BTW: I read somewhere that Ms. PacMan used a 6502 internally. Most of those video games used the Z80 though, and I think some of the more advanced ones used the 6809.
I remember talking to one Color Computer enthusiast and telling him about the 65c816, that is like the 65c02 except with the registers upgraded to 16-bits. He said: "The 6809 has already been invented." Ouch!

Re: 65VM02
Posted: Sat May 27, 2017 2:02 pm
by Hugh Aguilar
Here is a snippet of the document:
Code: Select all
BLT offset branch if less than branch if N <> V
BGE offset branch if greater than or equal branch if N = V
That was a mistake. I have an upgraded version with this instead:
Code: Select all
BLT offset branch if less than branch if N <> V
BGT offset branch if greater than branch if N = V and ~Z
This LTE_BRANCH primitive is now one instruction shorter:
Code: Select all
LT_BRANCH: ; this is compiled by: >= IF
OPY ; the operand is the offset to branch
LDA soslo,X
CMP toslo,X
LDA soshi,X
CMPH toshi,X ; we could use SBC here because we only need N and V to be correct
BLT DO_BRANCH
DO_NOT_BRANCH:
INX
INX
NEXT
LTE_BRANCH: ; this is compiled by: > IF
OPY ; the operand is the offset to branch
LDA soslo,X
CMP toslo,X
LDA soshi,X
CMPH toshi,X ; we could not use SBC here because the Z-flag would only reflect the high-byte
BGT DO_NOT_BRANCH
DO_BRANCH:
YIP
INX
INX
NEXT
Re: 65VM02
Posted: Sat May 27, 2017 6:43 pm
by BigDumbDinosaur
When you have your I/O in the direct-page, you get to use BBR BBS RMB SMB instructions --- these are faster than using the A register and logic instructions.

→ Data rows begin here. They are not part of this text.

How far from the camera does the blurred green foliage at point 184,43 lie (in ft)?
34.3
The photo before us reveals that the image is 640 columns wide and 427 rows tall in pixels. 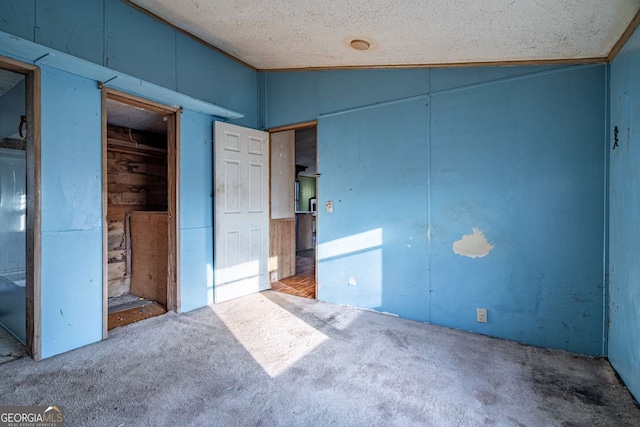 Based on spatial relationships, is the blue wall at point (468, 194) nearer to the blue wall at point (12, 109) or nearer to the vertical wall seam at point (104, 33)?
the vertical wall seam at point (104, 33)

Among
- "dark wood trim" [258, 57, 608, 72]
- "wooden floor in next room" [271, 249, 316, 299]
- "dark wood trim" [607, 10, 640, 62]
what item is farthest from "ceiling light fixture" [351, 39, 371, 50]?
"wooden floor in next room" [271, 249, 316, 299]

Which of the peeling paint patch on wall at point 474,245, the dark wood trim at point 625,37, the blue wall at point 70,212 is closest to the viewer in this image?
the dark wood trim at point 625,37

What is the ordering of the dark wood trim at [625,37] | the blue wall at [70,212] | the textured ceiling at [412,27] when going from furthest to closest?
1. the blue wall at [70,212]
2. the textured ceiling at [412,27]
3. the dark wood trim at [625,37]

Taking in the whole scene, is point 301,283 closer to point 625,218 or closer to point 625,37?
point 625,218

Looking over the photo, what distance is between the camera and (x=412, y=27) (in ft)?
7.74

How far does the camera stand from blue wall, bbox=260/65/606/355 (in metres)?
2.39

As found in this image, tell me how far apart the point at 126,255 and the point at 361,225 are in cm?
311

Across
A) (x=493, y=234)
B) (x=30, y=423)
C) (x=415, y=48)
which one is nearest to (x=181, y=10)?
(x=415, y=48)

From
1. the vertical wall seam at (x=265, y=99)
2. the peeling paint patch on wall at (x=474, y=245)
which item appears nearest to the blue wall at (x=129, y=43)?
the vertical wall seam at (x=265, y=99)

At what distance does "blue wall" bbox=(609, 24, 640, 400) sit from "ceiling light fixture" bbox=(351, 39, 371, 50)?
1812 millimetres

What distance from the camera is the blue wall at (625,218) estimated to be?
72.9 inches

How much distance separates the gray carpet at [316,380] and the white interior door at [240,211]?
96 cm

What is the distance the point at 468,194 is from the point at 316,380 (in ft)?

Not on the 65C816 you don't.
I'm not very familiar with the 65c816. Does it not have any instructions for accessing 1-bit data?
The
$xF opcodes used by
BBR and
BBS were reassigned to the 24 bit absolute addressing modes, which in the 65C816 are generally more useful instructions. The
$x7 opcodes used by
RMB and
SMB were reassigned to the 24 bit indirect indexed long addressing modes, e.g.,
LDA [<dp>],Y, which are also very useful. The
TRB and
TSB "combo" instructions essentially accomplish what
RMB and
SMB do, as well as the functionality of
BBR and
BBS, without hogging a lot of space in the opcode table. Also,
TRB and
TSB work on absolute addresses, as well as direct page, making them more general in nature.

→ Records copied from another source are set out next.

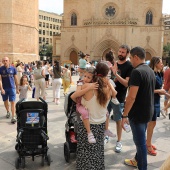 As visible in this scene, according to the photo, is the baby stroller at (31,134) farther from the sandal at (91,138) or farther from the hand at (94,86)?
the hand at (94,86)

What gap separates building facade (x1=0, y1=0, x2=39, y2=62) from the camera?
23.9 m

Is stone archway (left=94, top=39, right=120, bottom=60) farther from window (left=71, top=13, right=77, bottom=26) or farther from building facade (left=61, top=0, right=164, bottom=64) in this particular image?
window (left=71, top=13, right=77, bottom=26)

Back when I used to do a lot of 65C02 development I never found any use for
BBR,
BBS,
RMB and
SMB. I sure got plenty of use from
TRB and
TSB, though.
Re: 65VM02
Posted: Sun May 28, 2017 2:26 am
by Hugh Aguilar
Back when I used to do a lot of 65C02 development I never found any use for BBR, BBS, RMB and SMB. I sure got plenty of use from TRB and TSB, though.

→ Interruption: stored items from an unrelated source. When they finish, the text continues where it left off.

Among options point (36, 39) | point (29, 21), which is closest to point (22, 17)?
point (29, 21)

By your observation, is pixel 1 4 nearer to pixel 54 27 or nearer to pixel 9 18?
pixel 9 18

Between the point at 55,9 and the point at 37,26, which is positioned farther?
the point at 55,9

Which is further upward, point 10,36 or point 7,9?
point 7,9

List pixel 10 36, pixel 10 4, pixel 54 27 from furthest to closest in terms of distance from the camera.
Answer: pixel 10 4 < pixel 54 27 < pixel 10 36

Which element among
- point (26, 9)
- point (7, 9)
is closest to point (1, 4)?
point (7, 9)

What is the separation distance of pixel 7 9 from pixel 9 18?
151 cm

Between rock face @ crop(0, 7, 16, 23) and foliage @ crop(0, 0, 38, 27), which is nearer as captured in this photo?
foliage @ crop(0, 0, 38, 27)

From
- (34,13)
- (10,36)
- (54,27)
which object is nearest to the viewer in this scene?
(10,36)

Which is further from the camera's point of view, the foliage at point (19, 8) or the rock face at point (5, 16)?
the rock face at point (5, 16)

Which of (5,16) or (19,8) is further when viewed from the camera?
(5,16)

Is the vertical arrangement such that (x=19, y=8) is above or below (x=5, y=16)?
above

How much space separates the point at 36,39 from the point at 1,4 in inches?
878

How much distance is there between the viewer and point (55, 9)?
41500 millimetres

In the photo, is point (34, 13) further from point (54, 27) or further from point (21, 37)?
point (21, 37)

Right now my mind is focused on this 65VM02 idea. I always liked the 65c02 --- I also thought that some of the design decisions were very dubious --- I wanted an upgraded version, but I didn't want to go to 16-bit registers which seems rather radical.
I should learn how to program in 65c816 assembly-language though. I don't really know anything about that processor. Is there an experimenter board available for it?